▶ _Data listing_
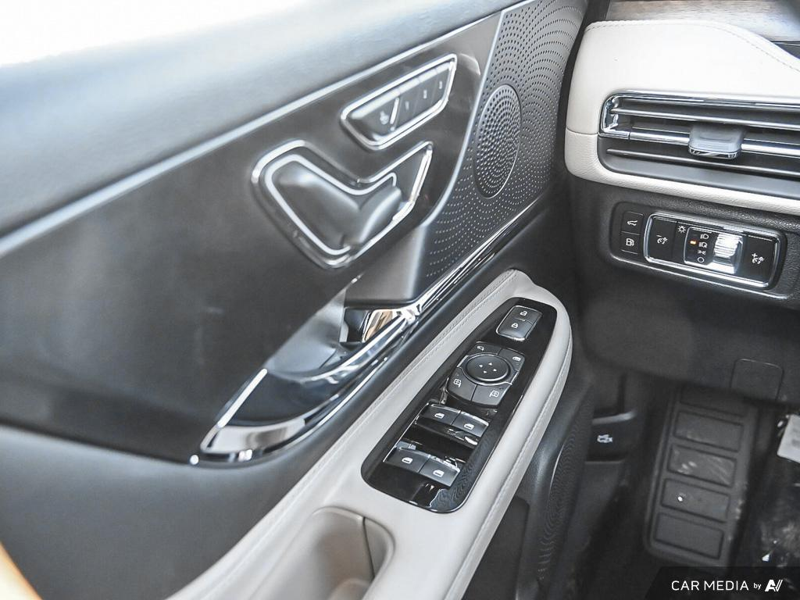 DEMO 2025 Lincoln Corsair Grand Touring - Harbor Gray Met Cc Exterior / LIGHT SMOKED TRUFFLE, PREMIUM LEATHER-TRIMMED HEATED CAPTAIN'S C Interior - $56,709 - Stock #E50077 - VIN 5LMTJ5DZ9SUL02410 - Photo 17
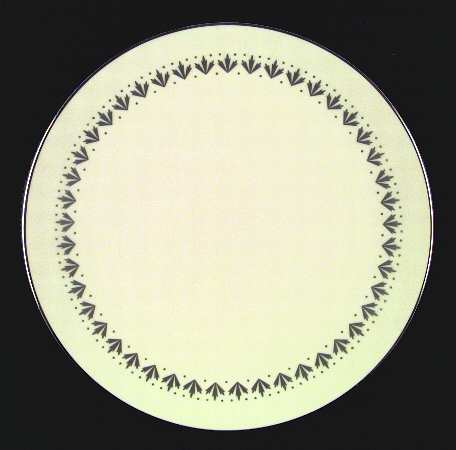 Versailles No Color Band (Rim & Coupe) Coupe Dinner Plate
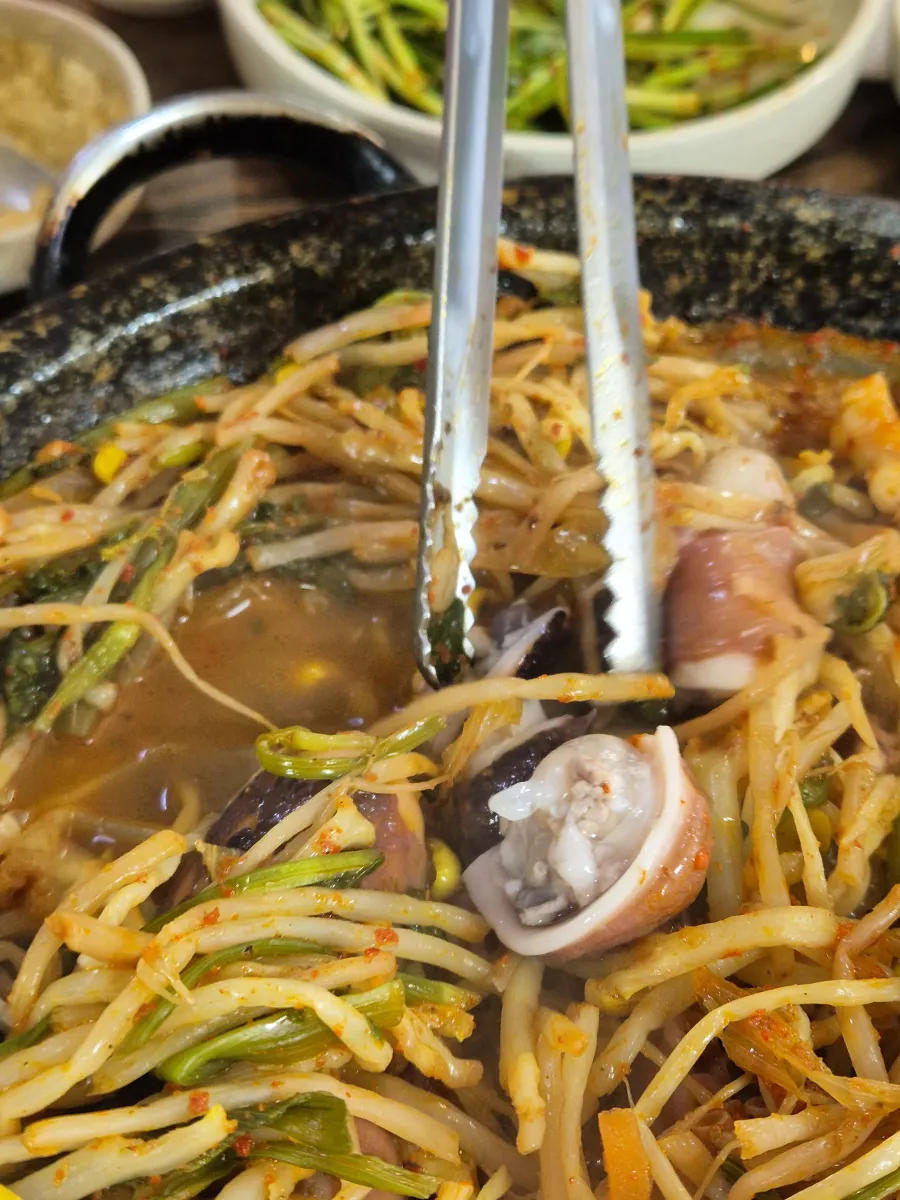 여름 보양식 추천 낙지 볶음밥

---

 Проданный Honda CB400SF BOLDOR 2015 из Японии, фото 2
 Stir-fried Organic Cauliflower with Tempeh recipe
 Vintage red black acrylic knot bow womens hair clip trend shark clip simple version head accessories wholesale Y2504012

--

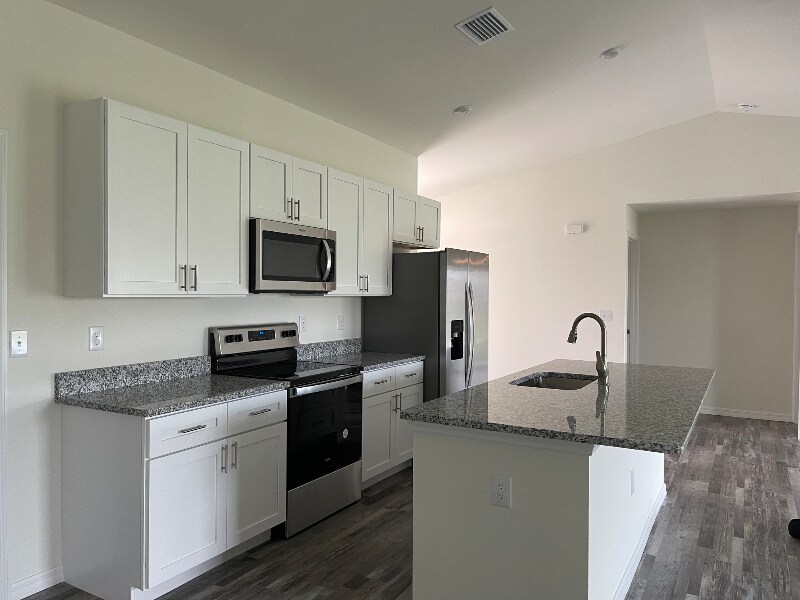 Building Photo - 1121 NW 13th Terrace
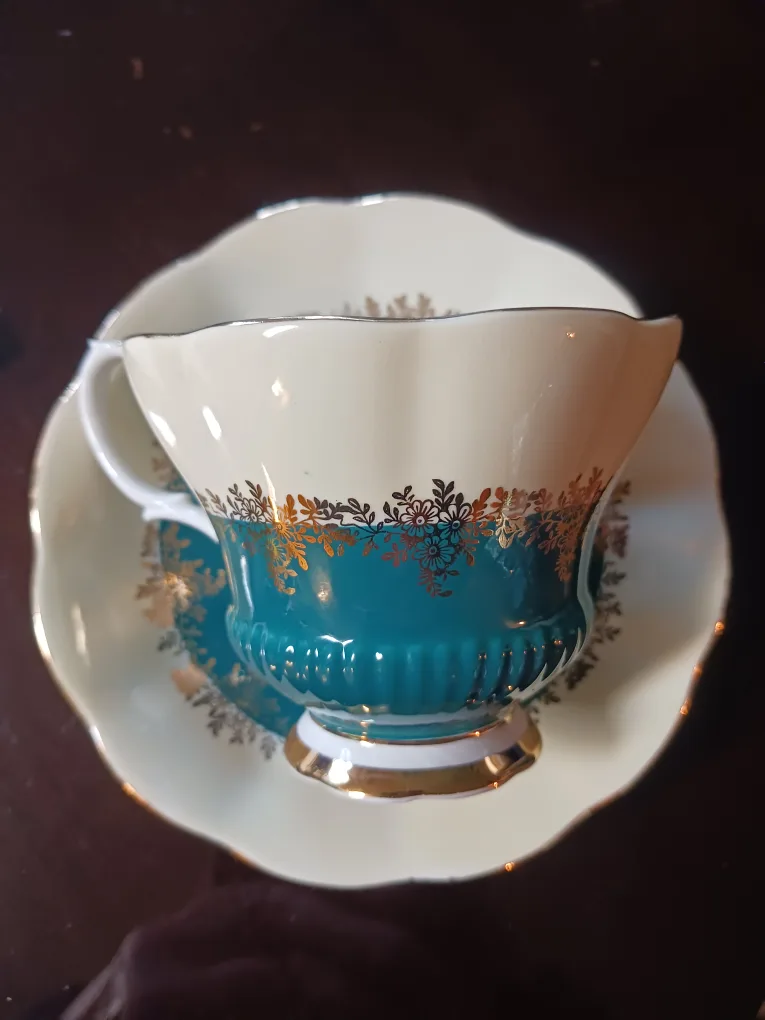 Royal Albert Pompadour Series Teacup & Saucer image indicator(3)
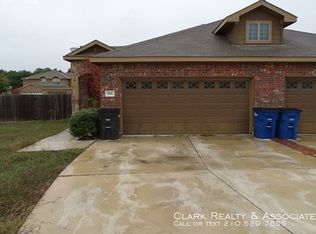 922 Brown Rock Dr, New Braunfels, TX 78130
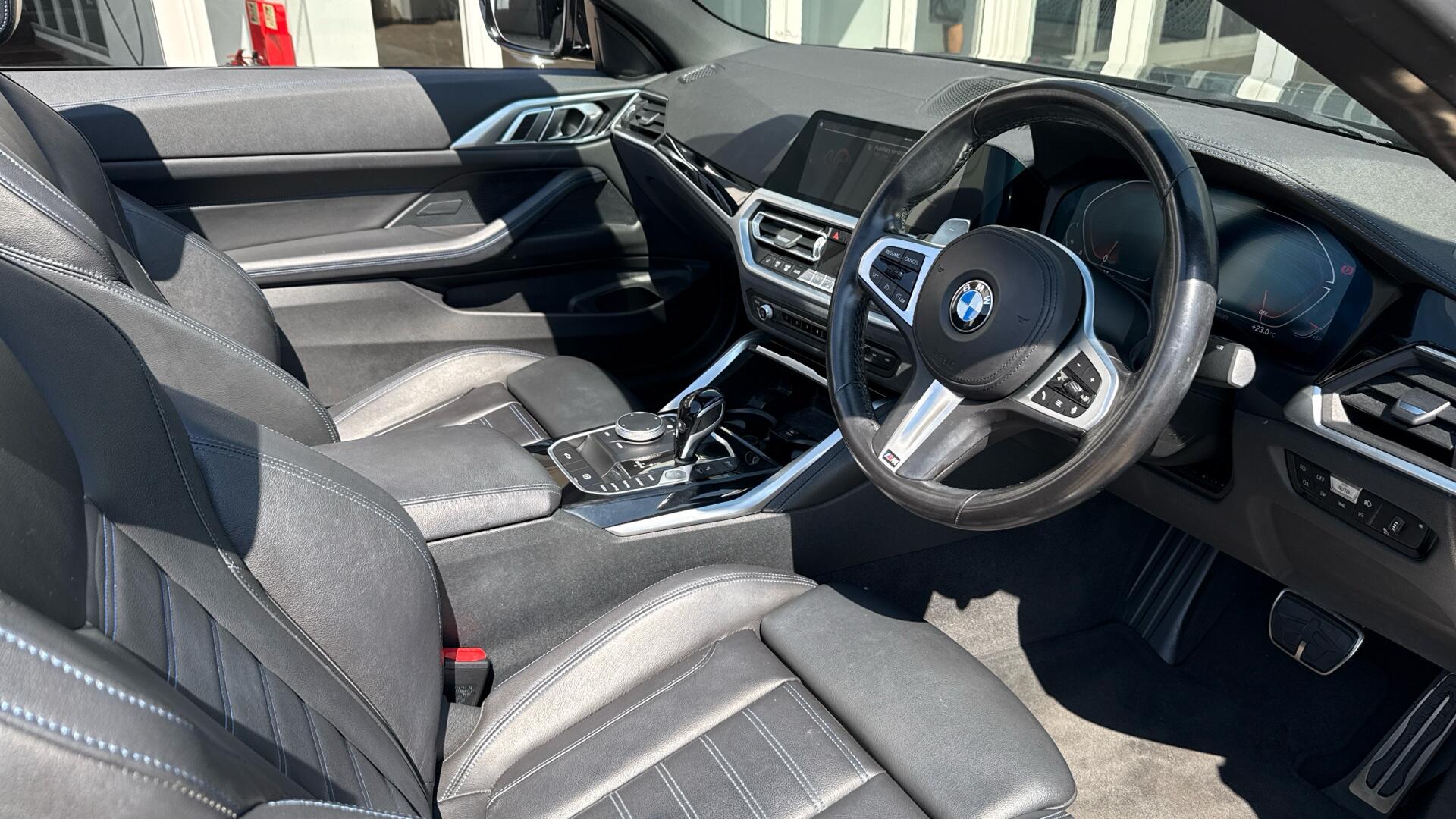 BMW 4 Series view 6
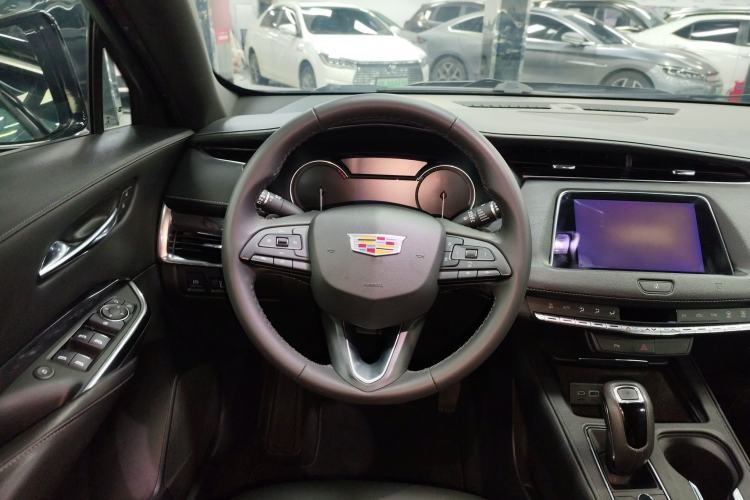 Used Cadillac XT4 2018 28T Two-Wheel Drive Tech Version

▶ _Exercise requirements_
Up in the listing, locate the line with "BMW 4 Series view 6"; print it and every line after it down to the line with "Used Cadillac XT4", which is included too. Skip the pictures.

▶ _Exercise result_
 BMW 4 Series view 6
 Used Cadillac XT4 2018 28T Two-Wheel Drive Tech Version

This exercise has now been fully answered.